- Dates: May 1984
- Teams: 12
- Finals site: Nickerson Field, Boston, MA
- Champions: Temple (1st title)
- Runner-up: Maryland (1st title game)
- MOP: Marie Schmucker, Temple
- Attendance: 1,938 finals

= 1984 NCAA women's lacrosse tournament =

The 1984 NCAA Women's Lacrosse Championship was the third annual single-elimination tournament to determine the national championship of NCAA women's college lacrosse. The championship game was played at Nickerson Field in Boston, Massachusetts during May 1984.

The Temple Owls won their first championship after defeating the Maryland Terrapins in the final, 6–4.

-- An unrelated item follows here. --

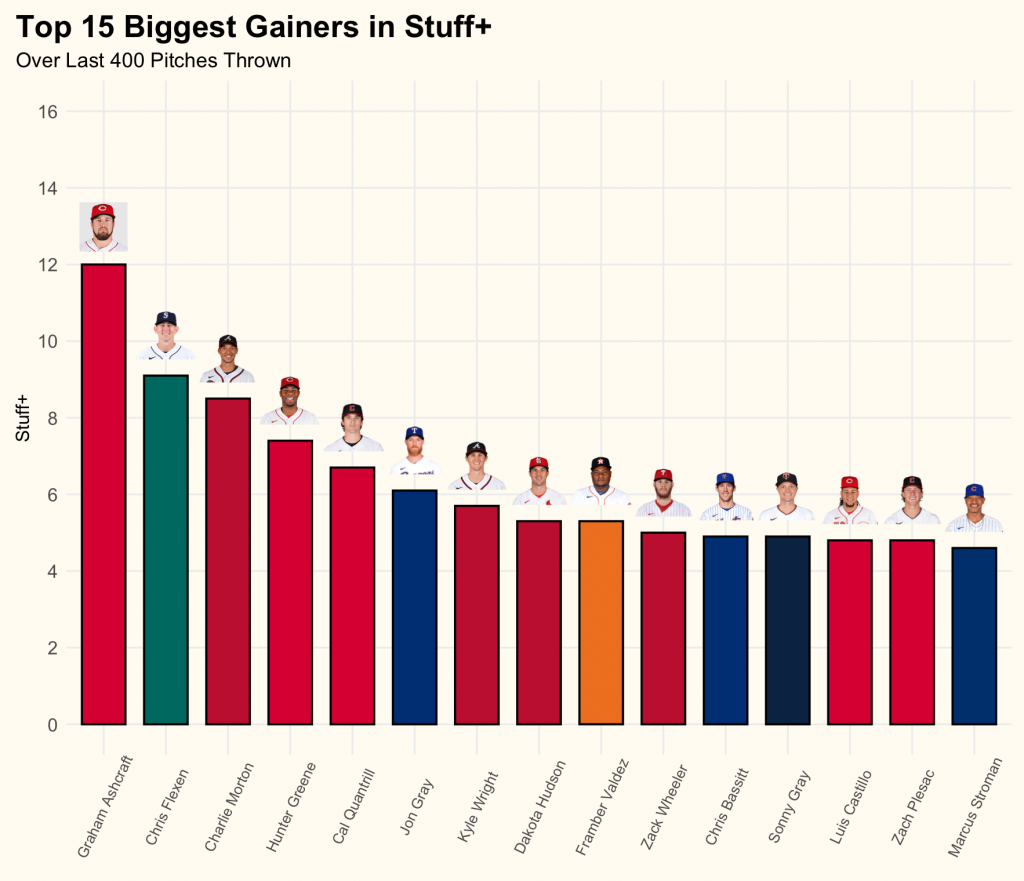 Picture of: Sarris: The biggest Stuff+ gainers and fallers, plus pitching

The leading scorer for the tournament, for the second straight year, was Karen Emas, from Delaware, with 20 goals. Marie Schmucker, from Temple, was named the Most Outstanding Player of the tournament.

== Qualification ==
Until 1985, there was only one NCAA championship; a Division III title was added in 1985 and a Division II title in 2001. Hence, all NCAA women's lacrosse programs were eligible for this championship. This tournament, in turn, was contested by 12 teams.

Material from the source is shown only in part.